Simulated Author's Rebuttal

2 responses · 0 unresolved

We thank the referee for the detailed and constructive report. We address each major comment below. Where the manuscript can be strengthened by additional validation or explicit statements, we indicate that revisions will be made.

read point-by-point responses

  1. Referee: [Abstract and results sections] The central claim is a closed-form PMF approximation whose accuracy for tail probabilities P(AoI > threshold) is load-bearing for the age-violation probability evaluation and tuning recommendations. No error bounds, moment-matching justification, or tail-specific validation against exact distributions or Monte-Carlo simulations at operating points relevant to safety applications are supplied.

    Authors: We agree that explicit tail-specific validation and error characterization would strengthen the central claim. The current manuscript validates the PMF approximation via Monte-Carlo simulations for the full distribution (including visual comparison of PMFs and derived metrics) under the same modeling assumptions used in prior average-AoI analyses. However, dedicated tail plots at high thresholds and operating points typical of safety applications are not included. We will add these comparisons together with a brief discussion of observed approximation error in the tails. No closed-form error bounds are derived in the present work; providing them would require a separate analysis beyond the scope of the current approximation technique. revision: partial

  2. Referee: [Introduction and system model] The modeling assumptions (traffic, channel, interference) that enable the closed-form result are stated to be similar to prior average-AoI studies, but the precise conditions under which the approximation remains accurate for the full PMF (rather than just the mean) are not made explicit.

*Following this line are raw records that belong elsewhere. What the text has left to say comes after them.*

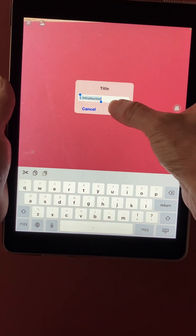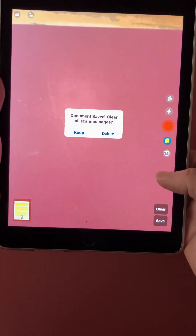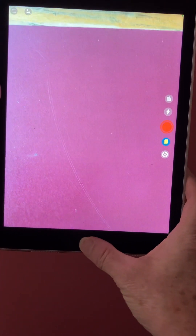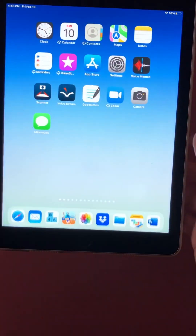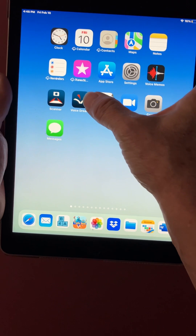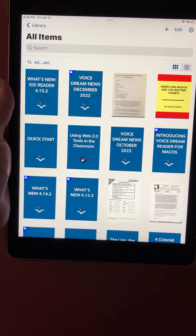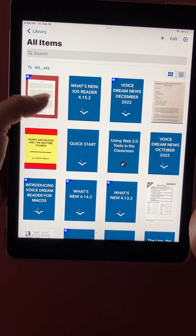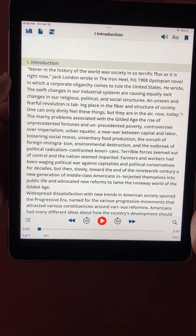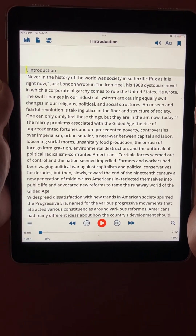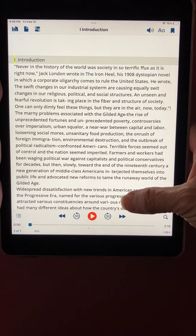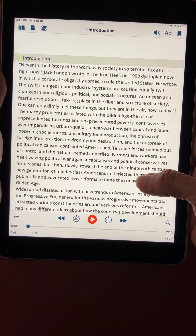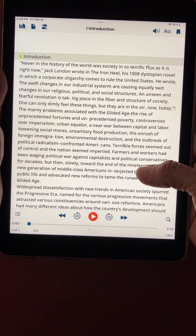I need to title it. I'll hit okay and then the document's been saved. I can clear the page and go out of the Voice Dream Scanner app and open up Voice Dream Reader. It opened up to my library page and that document popped up in my library, so when I tap it I'm seeing it on the screen and it's in the plain text view.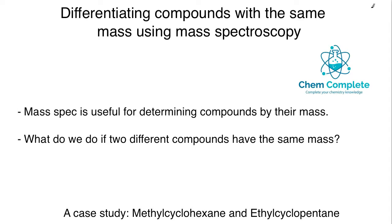One question that often comes up is: what do we do if we have two different compounds but they have the same mass? If you're given two mass specs and they both have the same M+ peak, you have to differentiate between the two. At that point, you would need to start looking at some of the fragmentation patterns, and usually the base peak is a good area to start.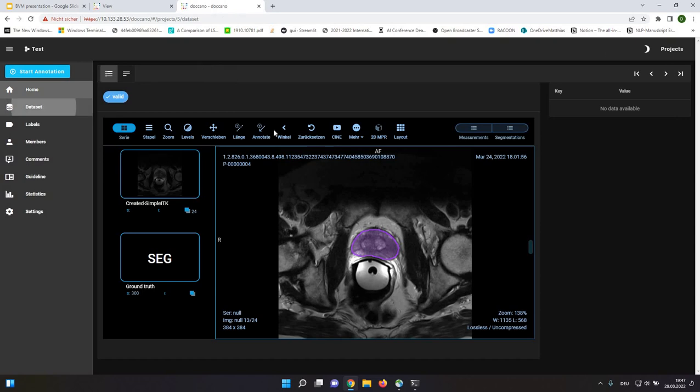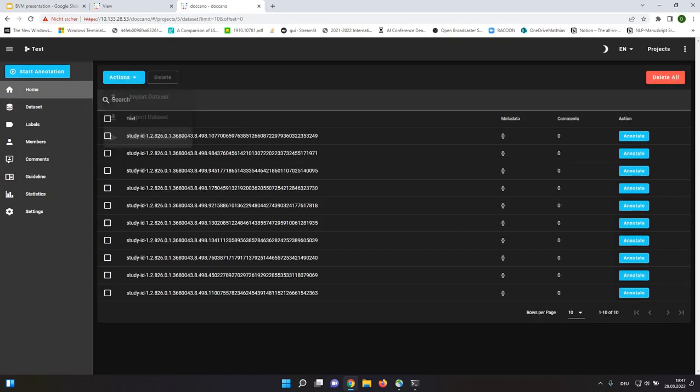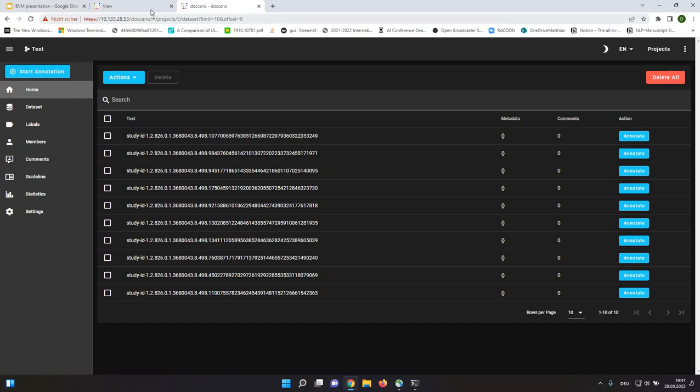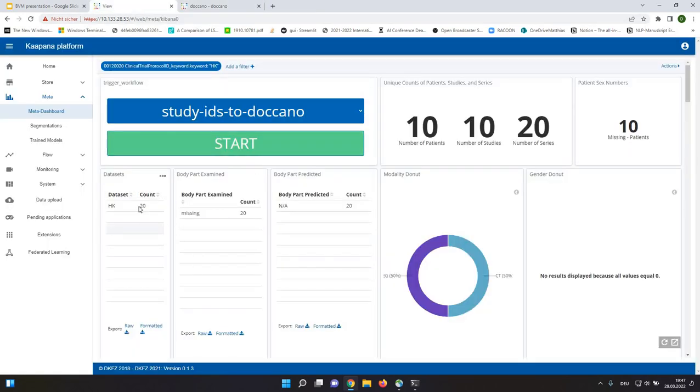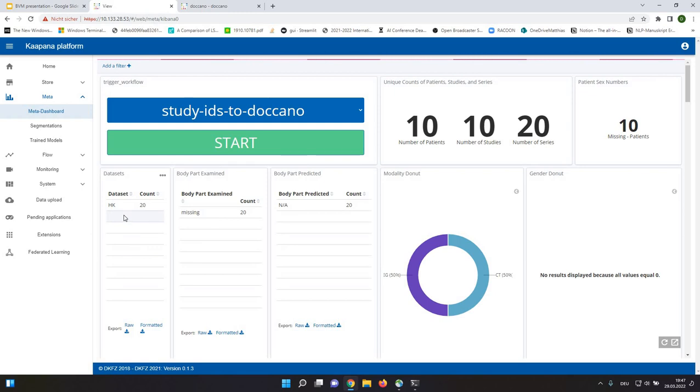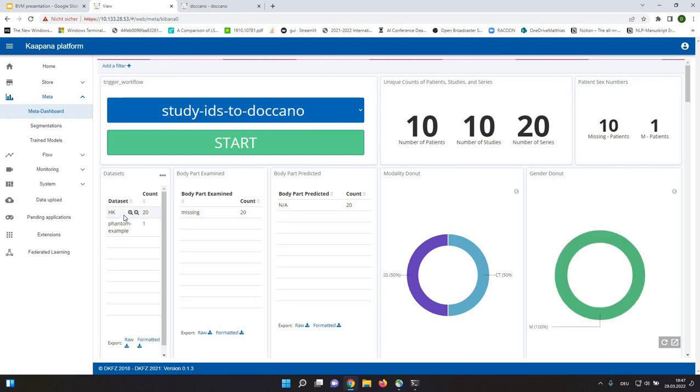And once I'm finished, there's a button called Send Data to Kaapana. And what this one does is that it triggers another pipeline in the background, which will write this tag into the DICOM image. So that at a later point, I can select here my dataset directly via this valid AI title. So that I'm sure that I have good data for my deep learning downstream task.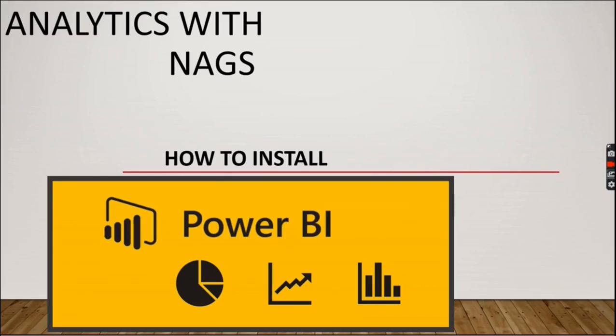Welcome to Analytics with Nuts. This is the first video of this channel, and it's going to be an introduction video. In this video, we are going to see how to install Power BI.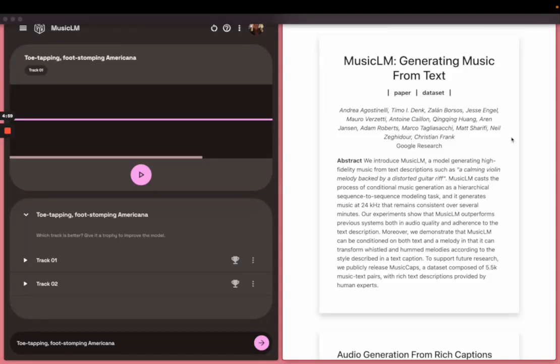Hi, today we're experimenting with Google's MusicLM, which is a model generating high-fidelity music from text descriptions. It was recently announced by Google at the Google I.O. event in May 2023.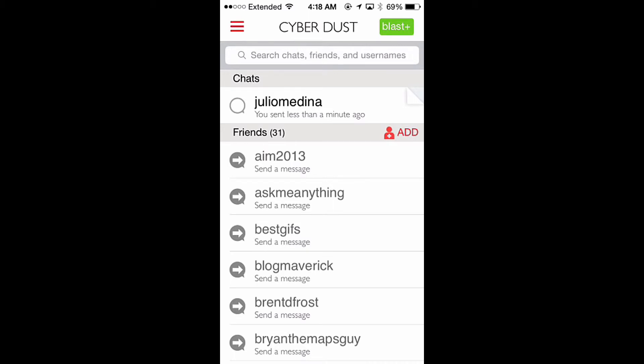One thing to know: your friends won't be able to see that you've pinned a message, and you would never be able to pin your friends' messages. You can only pin your own, and you're the only one that sees that.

    Authors: The derivation of the PMF approximation builds directly on the same Markovian traffic, channel, and interference model employed in the referenced average-AoI papers; the closed-form expressions arise from solving the stationary distribution of that chain under the semi-persistent reservation structure. The accuracy for the full PMF therefore inherits the same regime of validity (Poisson arrivals, constant reservation interval, perfect sensing, etc.). We will add an explicit remark in the system-model section stating that the PMF approximation holds under precisely those conditions and that numerical validation confirms it matches the exact distribution when the reservation duration is an integer multiple of the slot time. revision: yes

Circularity Check

0 steps flagged

No circularity detected in AoI PMF approximation derivation

full rationale

The paper derives a closed-form approximation to the stationary PMF of AoI for SPS based on modeling assumptions similar to prior average-AoI analyses. No load-bearing step reduces by construction to a fitted parameter, self-definition, or self-citation chain; the central claim rests on external model assumptions and standard queueing-style analysis rather than renaming or smuggling ansatzes. This is the expected non-finding for a paper whose derivation chain is self-contained against the stated assumptions.

Axiom & Free-Parameter Ledger

0 free parameters · 0 axioms · 0 invented entities

Abstract-only review; no free parameters, axioms, or invented entities are identifiable from the provided text.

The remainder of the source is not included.